Canada’s November Labour Force Survey will be pivotal for judging whether recent job gains reflect genuine labour-market improvement or mere statistical noise. Beneath the surface, private-sector hiring looks recession-like, while wage growth is accelerating at a pace inconsistent with the Bank of Canada’s inflation target, National Bank of Canada economists Matthieu Arseneau and Alexandra Ducharme report.
"The November data from the Labour Force Survey (LFS, conducted among households) will be published this Friday. These figures are eagerly awaited, as they will reveal whether the upturn of the last two months is confirmed or whether it was a statistical fluke. This momentum indeed contrasts with soft data showing a weak appetite for hiring."

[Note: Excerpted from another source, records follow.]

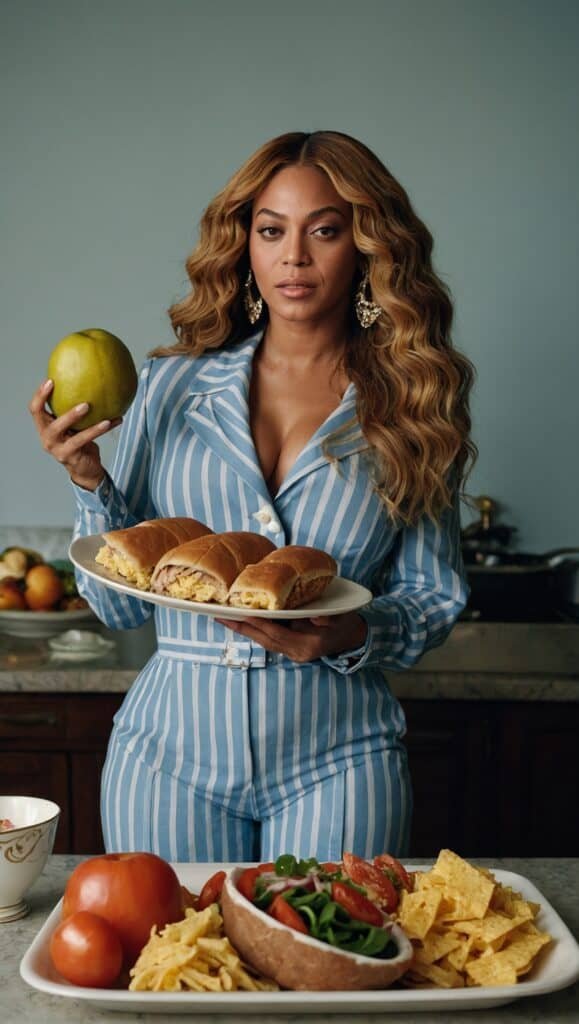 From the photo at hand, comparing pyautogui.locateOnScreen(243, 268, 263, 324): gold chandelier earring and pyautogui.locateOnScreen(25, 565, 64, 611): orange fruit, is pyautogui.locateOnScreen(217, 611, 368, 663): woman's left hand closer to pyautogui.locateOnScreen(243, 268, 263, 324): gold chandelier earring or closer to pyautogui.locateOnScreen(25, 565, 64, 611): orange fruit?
pyautogui.locateOnScreen(243, 268, 263, 324): gold chandelier earring

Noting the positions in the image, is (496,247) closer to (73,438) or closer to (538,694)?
(538,694)

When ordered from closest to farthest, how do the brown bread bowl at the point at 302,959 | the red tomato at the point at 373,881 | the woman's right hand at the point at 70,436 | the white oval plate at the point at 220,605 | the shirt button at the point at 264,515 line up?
the brown bread bowl at the point at 302,959 < the red tomato at the point at 373,881 < the white oval plate at the point at 220,605 < the woman's right hand at the point at 70,436 < the shirt button at the point at 264,515

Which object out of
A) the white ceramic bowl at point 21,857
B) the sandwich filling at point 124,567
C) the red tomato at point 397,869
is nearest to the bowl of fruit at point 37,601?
the sandwich filling at point 124,567

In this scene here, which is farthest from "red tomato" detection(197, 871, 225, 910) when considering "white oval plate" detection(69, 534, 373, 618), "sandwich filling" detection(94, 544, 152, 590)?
"sandwich filling" detection(94, 544, 152, 590)

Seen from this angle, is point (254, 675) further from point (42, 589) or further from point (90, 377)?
point (42, 589)

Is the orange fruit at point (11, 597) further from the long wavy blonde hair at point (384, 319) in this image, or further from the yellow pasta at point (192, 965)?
the yellow pasta at point (192, 965)

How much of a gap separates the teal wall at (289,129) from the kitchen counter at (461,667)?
66 centimetres

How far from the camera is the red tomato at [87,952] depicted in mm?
1112

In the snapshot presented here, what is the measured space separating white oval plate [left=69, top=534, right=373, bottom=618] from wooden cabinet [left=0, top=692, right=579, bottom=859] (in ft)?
4.67

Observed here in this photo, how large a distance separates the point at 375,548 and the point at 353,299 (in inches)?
17.3

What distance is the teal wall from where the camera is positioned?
3557 millimetres

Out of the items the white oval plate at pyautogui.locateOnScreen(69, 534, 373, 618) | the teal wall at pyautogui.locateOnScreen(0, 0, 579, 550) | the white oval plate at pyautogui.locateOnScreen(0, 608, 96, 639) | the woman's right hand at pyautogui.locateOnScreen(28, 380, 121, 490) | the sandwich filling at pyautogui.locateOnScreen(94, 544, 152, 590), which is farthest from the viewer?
the teal wall at pyautogui.locateOnScreen(0, 0, 579, 550)

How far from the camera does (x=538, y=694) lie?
3029mm

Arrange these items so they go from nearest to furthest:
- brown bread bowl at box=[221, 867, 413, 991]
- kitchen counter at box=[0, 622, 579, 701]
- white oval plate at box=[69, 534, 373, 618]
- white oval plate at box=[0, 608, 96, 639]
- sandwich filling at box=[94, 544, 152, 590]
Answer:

"Skepticism grew last week with the release of the Survey of Employment, Earnings, and Hours (SEPH, conducted among businesses). This showed a monthly loss of 58K jobs in September, while the LFS reported a gain of 26K after adjustments for comparability. Over six months, employment in only 41% of private sector industries (out of 251) is growing, which is a proportion usually seen only in recession."
"However, this fragility has not prevented wages in the private sector from accelerating, rising at an annualized rate of 5.5% over the last six months, a pace that is incompatible with bringing inflation back to target. The wage dynamics in Canada are limiting the Bank of Canada's ability to further lower the policy rate."